Copper transport across the plasma membrane was determined with PGSK using spectrofluorometer with excitation and emission wavelengths set at 506 and 532 nm, respectively.

For transport experiments, protoplasts (10⁶) were incubated with 80µM PGSK for 30 min to equilibrate the dye.

The loaded protoplasts (100 µl) were added to the assay cuvette with 9 vols. of the mannitol-containing buffer, pH 5.6. After stabilization of the fluorescence signal, different amounts of CuCl₂ were added (0.1-3.5 mM, final concentrations).

To discriminate the unspecific fluorescence quenching and the quenching derived from copper uptake by protoplasts, the chelators EDTA and BCS were added to the assay medium. The effect of Cu²⁺ on the hydrolyzed external probe was tested after treatment of PGSK-loaded protoplasts with 0.5% Triton X-100.

To study which form of copper ion was taken up by protoplasts, ascorbic acid was added to the assay medium, reducing Cu²⁺ to Cu⁺.

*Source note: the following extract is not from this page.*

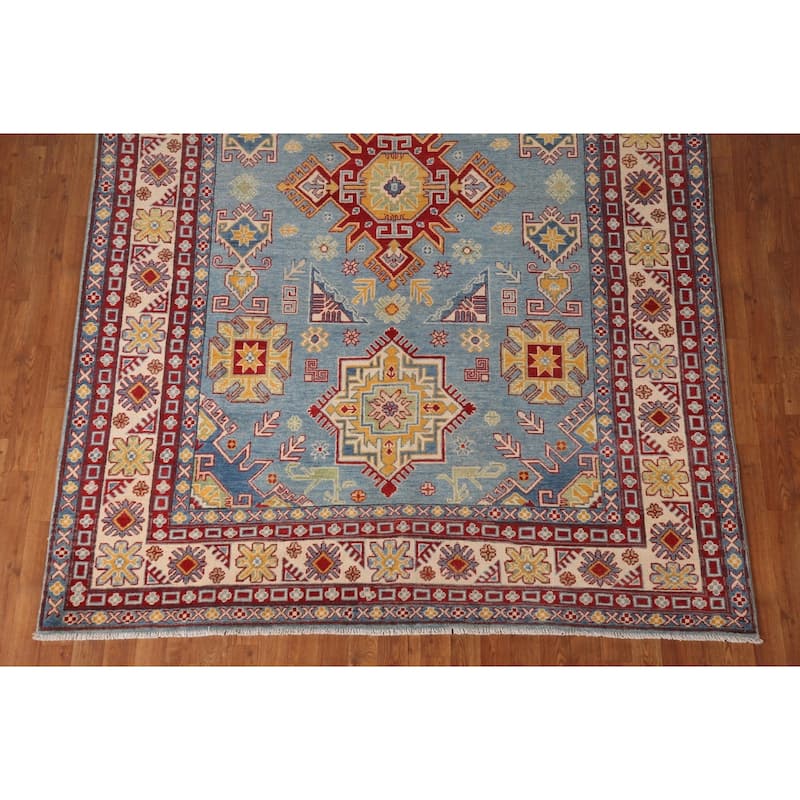 Light Blue Kazak Geometric Area Rug Wool Carpet - 6'7" x 9'10"
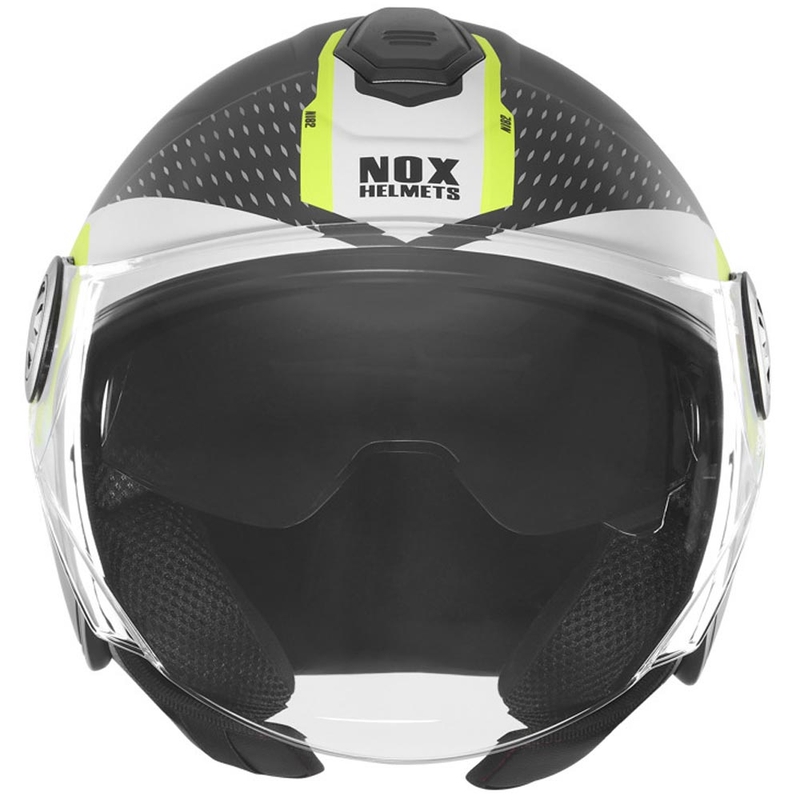 Cască de motocicletă deschisă NOX N182 Round negru mat-galben fluo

To assess the effect of various cations on Cu²⁺ uptake, protoplasts were incubated for 5 min with the chloride forms of Ca²⁺ (10 mM), K⁺ (10 mM), Mn²⁺ (5 mM), Na⁺ (10 mM) and Zn²⁺ (10 mM) before the addition of CuCl₂.

To test how Cu²⁺ uptake is regulated by copper availability in the medium, cells grown for 6 d were incubated for 8 h with 100 µM CuSO₄ or with 20 µM of the chelator BCS.

Protocol for measure intracellular ferrous iron levels ^[2]:

1.Cells were treated as indicated before 10 μM Phen Green SK diacetate was added and incubated for 10 min.

2.The cells were washed twice with PBS to remove the excess PGSK.

3.The cells were trypsinized and resuspended in PBS plus 5% FBS.

4.A flow cytometer was used for detection of ferrous iron. Each group was triplicated.

This protocol only provides a guideline, and should be modified according to your specific needs.

References:

[1]. Martins V, Hanana M, et,al. Copper transport and compartmentation in grape cells. Plant Cell Physiol. 2012 Nov;53(11):1866-80. doi: 10.1093/pcp/pcs125. Epub 2012 Sep 5. PMID: 22952251.

[2]. Wang Z, Yao M, et,al. Dexmedetomidine attenuates myocardial ischemia/reperfusion-induced ferroptosis via AMPK/GSK-3β/Nrf2 axis. Biomed Pharmacother. 2022 Oct;154:113572. doi: 10.1016/j.biopha.2022.113572. Epub 2022 Aug 18. PMID: 35988428.